Each battery manufacturer and battery charger manufacturer will design their battery and charger differently than another manufacturer.  The procedure described herein is for a typical Kenwood rapid charger. The following is the best procedure to follow when charging and storing batteries:

  • Turn off the radio
  • Make certain that the battery contacts are clean and unobstructed by tape or any other material. Clean contacts if necessary due to grease, grime or goo on the battery before you place in the charger.
  • Most battery chargers will allow charging of the battery either by itself or while attached to the radio. If you charger is designed for only one of these methods, use the appropriate method for your charger.
  • Insert the radio into the battery charger with the battery still attached. Some batteries have grooves on the side of the battery to keep the battery aligned with the battery contacts so that it will charge with or without a battery.  Make certain that if your battery does have the grooves, you align the grooves of the battery with the protrusions in the charger so that the battery properly sits in the charger pocket and engages with the charger.
  • The charger LED will turn on RED to indicate that it is charging. The charger analyzes the state of the battery and will do one of the following:
  • Stay RED and continue to charge the battery.
  • Flash RED to indicate that the charger thinks the battery has some issue. Typically, it means that the battery is faulty.  Sometimes you can “clear” the fault by removing and reinserting the battery.  If that does not clear the fault, try using another battery charger to see if the other charger agrees.  If multiple chargers indicate a fault, it is time to replace the battery.
  • Turn GREEN when the rapid charging is complete.
  • When the LED turns green, it is OK to leave the battery in the charger for a while, typically overnight or over a weekend.
  • Do not leave batteries in the charger for extended periods of time such as while on vacation for weeks, summer breaks or continuously. It is only likely to ruin the battery.
  • Batteries will discharge by themselves, typically at a rate of 2% per month if it is a healthy battery. If the battery has developed internal leakage, it can discharge by up to 20% per day or more depending upon how much internal leakage is in the battery.
  • When a battery is charged and attached to a radio that is turned off, the battery will discharge by itself over time. Most radios still draw a small amount of energy from the battery when turned off, so the longer the battery sits, the more it will be drained.  Different models of radios act differently, so there is no universal number, but you can expect a healthy battery attached to a good radio to discharge at the rate of 3% per month or more while not in use.  Therefore, for extended storage, it is better to disconnect the battery from the radio.
  • It is best to never fully discharge a battery.
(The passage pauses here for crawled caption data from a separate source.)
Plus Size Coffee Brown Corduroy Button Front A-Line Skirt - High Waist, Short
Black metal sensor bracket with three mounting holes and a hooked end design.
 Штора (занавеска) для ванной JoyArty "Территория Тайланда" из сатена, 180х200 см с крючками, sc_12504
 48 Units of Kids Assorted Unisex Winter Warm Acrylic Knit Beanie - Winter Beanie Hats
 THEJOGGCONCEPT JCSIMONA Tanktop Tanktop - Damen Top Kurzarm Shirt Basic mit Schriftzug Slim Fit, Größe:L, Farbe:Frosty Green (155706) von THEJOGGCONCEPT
Some batteries will never recover fully when the battery is drained completely.  Most radios will stop working well before the battery is fully discharged.   If you leave a radio turned on for extended periods, it will drain the battery to the point where the radio stops working and continue to drain the battery until it eventually goes to zero volts.  At that point, the battery is unlikely to recover when charged.  If the battery is charged well before it gets to zero volts, it may mostly or fully recover.
  • Batteries should be fully charged as soon as possible after being discharged. The longer you wait to charge the battery when it is fully discharged, the greater the likelihood that the battery will be damaged.
  • New batteries come with a “dry” charge which is OK to store for reasonable periods of time, typically 1-2 years. After that, the battery should be charged to sit on the shelf.
  • Once a battery has been placed into service, the battery should be stored in the fully charged condition

I hope that this discussion of battery treatment is informative and will help you get maximum performance from your fleet of batteries.